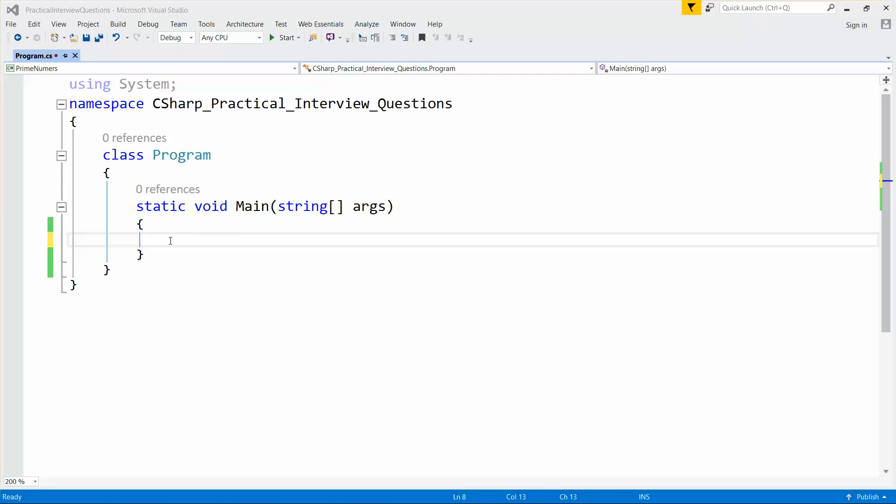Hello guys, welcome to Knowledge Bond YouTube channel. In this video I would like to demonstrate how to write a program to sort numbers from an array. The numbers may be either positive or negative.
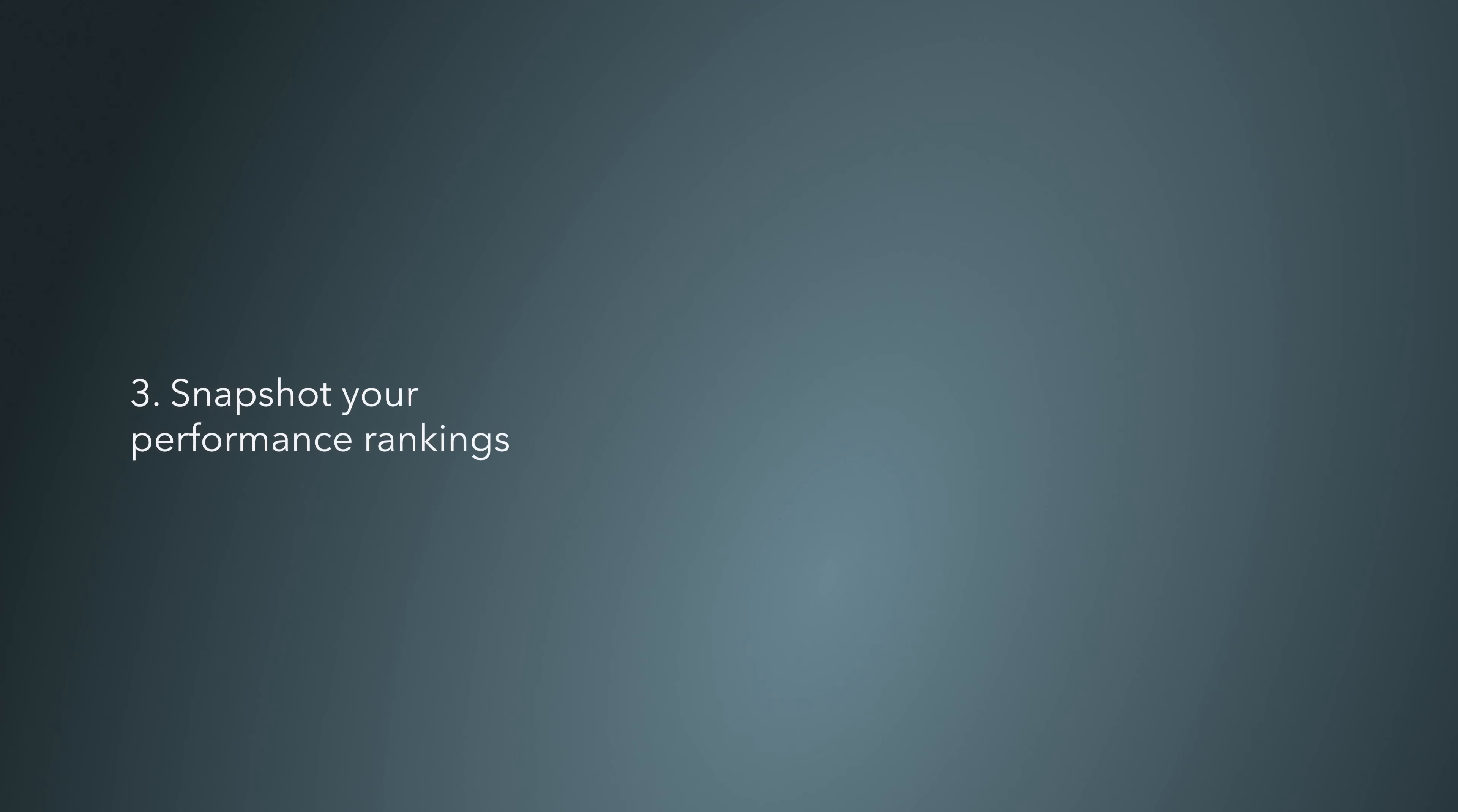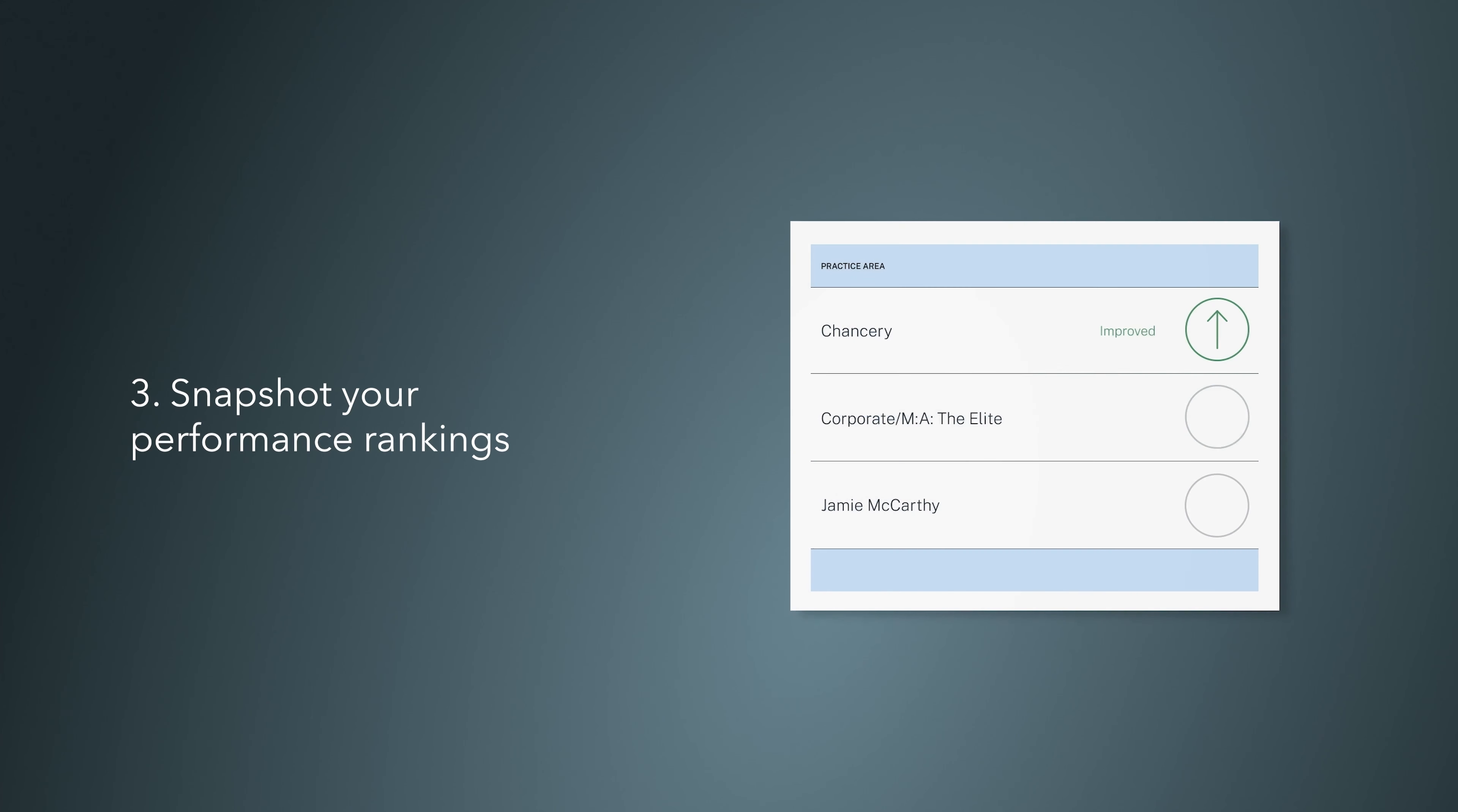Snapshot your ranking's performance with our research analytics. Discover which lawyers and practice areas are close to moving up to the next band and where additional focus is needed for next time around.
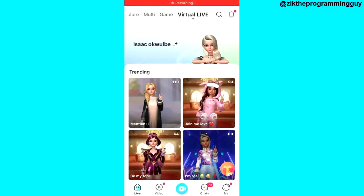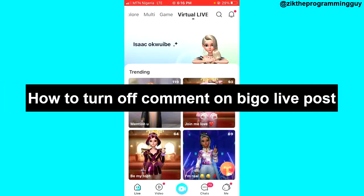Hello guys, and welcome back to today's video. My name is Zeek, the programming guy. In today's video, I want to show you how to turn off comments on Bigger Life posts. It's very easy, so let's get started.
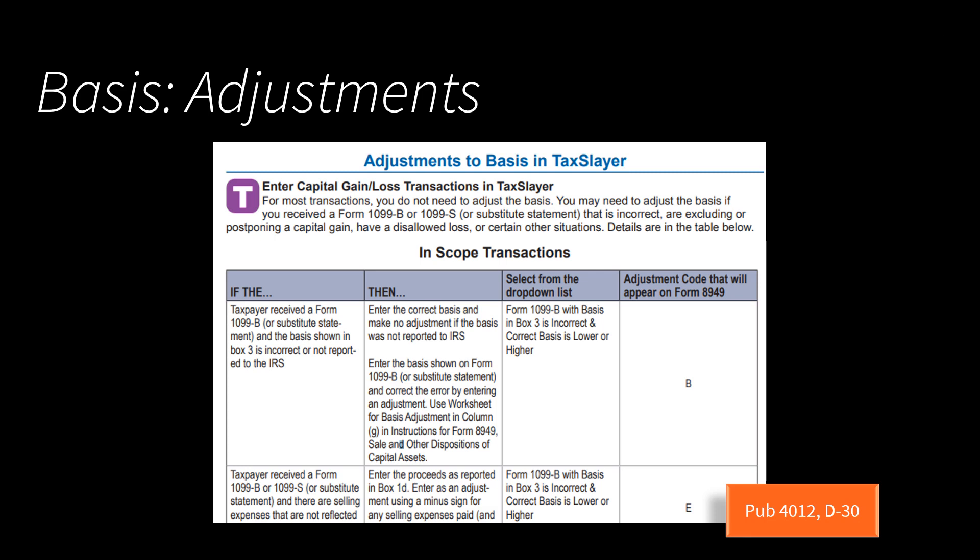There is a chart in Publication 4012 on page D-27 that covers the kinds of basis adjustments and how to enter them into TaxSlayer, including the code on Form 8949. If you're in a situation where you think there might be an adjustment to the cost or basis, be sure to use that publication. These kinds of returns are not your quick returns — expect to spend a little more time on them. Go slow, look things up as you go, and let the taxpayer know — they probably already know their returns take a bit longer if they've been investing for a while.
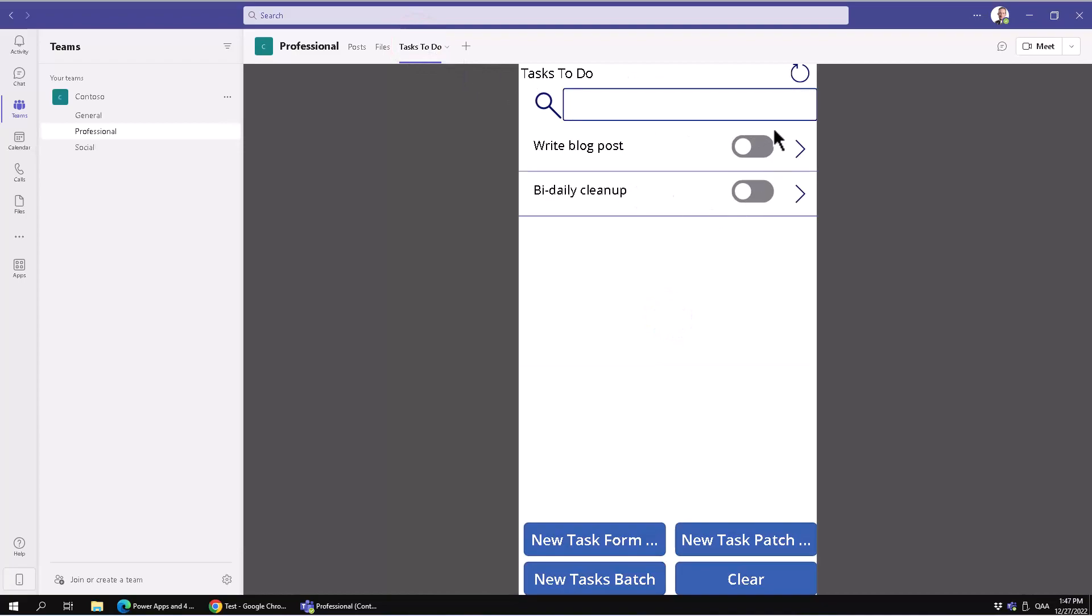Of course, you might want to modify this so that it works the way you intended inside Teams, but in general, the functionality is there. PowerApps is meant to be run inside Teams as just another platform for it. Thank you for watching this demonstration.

• PROBLEM DESCRIPTION:
Could all the data above be given again exactly, leaving out its images?

• SOLVED PROBLEM:
Hello guys, welcome to Knowledge Bond YouTube channel. In this video I would like to demonstrate how to write a program to sort numbers from an array. The numbers may be either positive or negative.
Snapshot your ranking's performance with our research analytics. Discover which lawyers and practice areas are close to moving up to the next band and where additional focus is needed for next time around.
Hello guys, and welcome back to today's video. My name is Zeek, the programming guy. In today's video, I want to show you how to turn off comments on Bigger Life posts. It's very easy, so let's get started.
There is a chart in Publication 4012 on page D-27 that covers the kinds of basis adjustments and how to enter them into TaxSlayer, including the code on Form 8949. If you're in a situation where you think there might be an adjustment to the cost or basis, be sure to use that publication. These kinds of returns are not your quick returns — expect to spend a little more time on them. Go slow, look things up as you go, and let the taxpayer know — they probably already know their returns take a bit longer if they've been investing for a while.
Of course, you might want to modify this so that it works the way you intended inside Teams, but in general, the functionality is there. PowerApps is meant to be run inside Teams as just another platform for it. Thank you for watching this demonstration.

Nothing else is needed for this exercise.